Shane allies himself to Argyll - Stukeley and Dowdall visit O'Neill - His defiant Attitude - Sidney applies to England for Men and Money - Shane appeals to France for help - Troops from England land at Lough Foyle and fortify Derry - Sidney marches North and sweeps the Country.

The undisputed Lord of Ulster now proceeded to further strengthen himself by espousing the cause of Mary Queen of Scots, whose successes won his ardent admiration and applause. He had offered to assist her against Argyll, and was much surprised to find that Argyll was willing to allow the Western Islanders to assist him in driving the English out of Ireland. This Argyll did to punish Elizabeth for her treachery to Murray. Shane, on the other hand, consented to permit the Scots to resettle in Antrim, and on Argyll's visiting him it was agreed to marry a son and daughter of James MacDonald (who had died in consequence of wounds received at Glenesk) to a daughter and son borne to Shane by his "Countess". Amenities were carried further, in that Argyll, in the Queen of Scots' interests, swore a pact with Shane O'Neill, thereby cementing a friendship for which the Ulster chieftain had hitherto long sued in vain.

In February, 1566, Sir Nicholas Bagenall reports that Clanrickard was spoiled by O'Neill, who now held all the countries from Sligo to Carrickfergus, and from thence to Carlingford, and from Carlingford to Drogheda; he had made a sure bond with Scotland. The Deputy had done all he could to bring Shane to quietness; had sent Stukeley and Dowdall twice; but Shane would never come to any governor, as might be seen by his answer to Stukeley, which the Lord Deputy had sent by bearer.

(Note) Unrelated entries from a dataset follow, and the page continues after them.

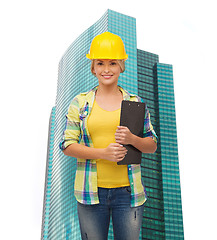 Image showing smiling woman in helmet with clipboard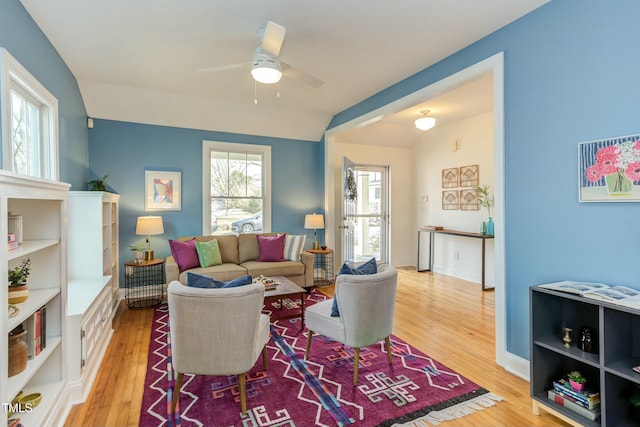 living room with a ceiling fan, vaulted ceiling, wood finished floors, and baseboards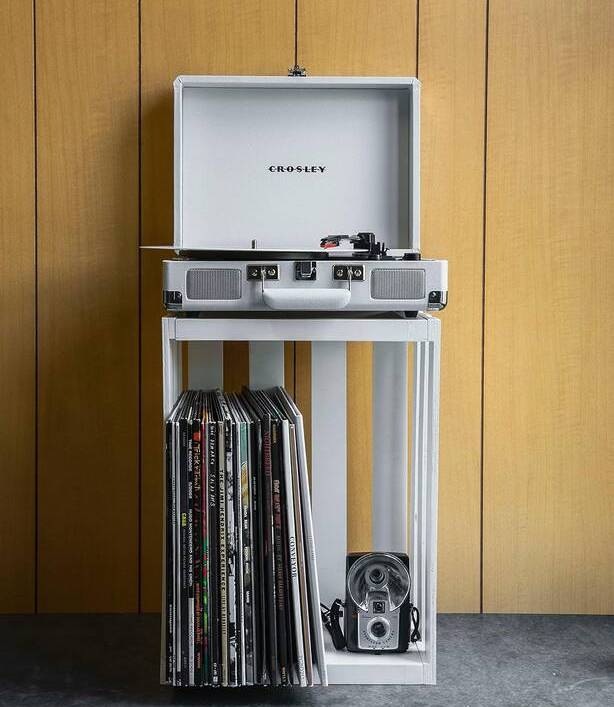 Gramofon Crosley Cruiser Plus bílý kufříkový gramofon Crosley Cruiser Plus bílý umístěný na stojanu v interiéru s deskami pod gramofonem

The Commissioners found O'Neill, at first, "very flexible, but timorous to come to the Deputy, apprehending traitorous practices". But when the wine was in him, he spoke out. "I care not", he said, "to be made an earl, unless I may be better and higher than an earl; for I am in blood and power better than the best of them; and I will give place to none but my cousin of Kildare, for that he is of my house. You have made a wise earl of M'Carty More. I keep as good a man as he. For the Queen I confess she is my sovereign; but I never made peace with her but at her own seeking. Whom am I to trust? When I came unto the Earl of Sussex upon safe-conduct, he offered me the courtesy of a handlock. When I was with the Queen she said to me herself that I had, it was true, safe-conduct to come and go; but it was not said when I might go; and they kept me there until I had agreed to things so far against my honour and profit, that I would never perform them while I live. That made me make war; and if it were to do again, I would do it. My ancestors were kings of Ulster, and Ulster is mine, and shall be mine. O'Donnell shall never come into his country, nor Bagenall into Newry, nor Kildare into Dundrum or Lecale. They are now mine. With the sword I won them; with this sword I will keep them."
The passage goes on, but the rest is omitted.